Hash the keys, sort the hashes, and store sorted hashes in compressed form.
TL;DR
The algorithm I propose may be considered as an extension to the solution for similar (simpler) problem.
- To each key: apply a hash function that maps keys to integers in range [0..h]. It seems to be reasonably good to start with h = 2 * number_of_keys.
- Fill all available memory with these hashes.
- Sort the hashes.
- If hash value is unique, write it to the list of unique hashes; otherwise remove all copies of it and write it to the list of duplicates. Both these lists should be kept in compressed form: as difference between adjacent values, compressed with optimal entropy coder (like arithmetic coder, range coder, or ANS coder). If the list of unique hashes was not empty, merge it with sorted hashes; additional duplicates may be found while merging. If the list of duplicates was not empty, merge new duplicates to it.
- Repeat steps 1..4 while there are any unprocessed keys.
- Read keys several more times while performing steps 1..5. But ignore all keys that are not in the list of duplicates from previous pass. For each pass use different hash function (for anything except matching with the list of duplicates from previous pass, which means we need to sort hashes twice, for 2 different hash functions).
- Read keys again to convert remaining list of duplicate hashes into list of plain keys. Sort it.
- Allocate array of 2 billion bits.
- Use all unoccupied memory to construct an index for each compressed list of hashes. This could be a trie or a sorted list. Each entry of the index should contain a "state" of entropy decoder which allows to avoid decoding compressed stream from the very beginning.
- Process the list of posts and update the array of 2 billion bits.
- Read keys once more co convert hashes back to keys.
While using value h = 2*number_of_keys seems to be reasonably good, we could try to vary it to optimize space requirements. (Setting it too high decreases compression ratio, setting it too low results in too many duplicates).
This approach does not guarantee the result: it is possible to invent 10 bad hash functions so that every key is duplicated on every pass. But with high probability it will succeed and most likely will need about 1GB RAM (because most compressed integer values are in range [1..8], so each key results in about 2..3 bits in compressed stream).

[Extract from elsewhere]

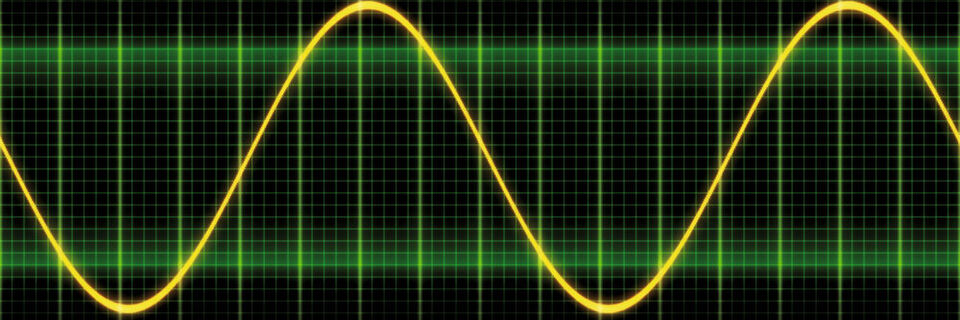 Die ideale Stromform im Versorgungsnetz ist die Sinusform. Oberwellen verzerren diese Sinusschwingungen und können an das Netz angeschlossenen Geräte stören. Die ideale Stromform im Versorgungsnetz ist die Sinusform. Oberwellen verzerren diese Sinusschwingungen und können an das Netz angeschlossenen Geräte stören.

To estimate space requirements precisely we might use either (complicated?) mathematical proof or complete implementation of algorithm (also pretty complicated). But to obtain rough estimation we could use partial implementation of steps 1..4. See it on Ideone. It uses variant of ANS coder named FSE (taken from here: https://github.com/Cyan4973/FiniteStateEntropy) and simple hash function implementation (taken from here: https://gist.github.com/badboy/6267743). Here are the results:
Key list loads allowed: 10 20
Optimal h/n: 2.1 1.2
Bits per key: 2.98 2.62
Compressed MB: 710.851 625.096
Uncompressed MB: 40.474 3.325
Bitmap MB: 238.419 238.419
MB used: 989.744 866.839
Index entries: 1'122'520 5'149'840
Indexed fragment size: 1781.71 388.361
With the original OP limitation of 10 key scans optimal value for hash range is only slightly higher (2.1) than my guess (2.0) and this parameter is very convenient because it allows using 32-bit hashes (instead of 64-bit ones). Required memory is slightly less than 1GB, which allows to use pretty large indexes (so step 10 would be not very slow). Here lies a little problem: these results show how much memory is consumed at the end, but in this particular case (10 key scans) we temporarily need more than 1 GB memory while performing second pass. This may be fixed if we drop results (unique hashes) of the first first pass and recompute them later, together with step 7.
With not so tight limitation of 20 key scans optimal value for hash range is 1.2, which means algorithm needs much less memory and allows more space for indexes (so that step 10 would be almost 5 times faster).
Loosening limitation to 40 key scans does not result in any further improvements.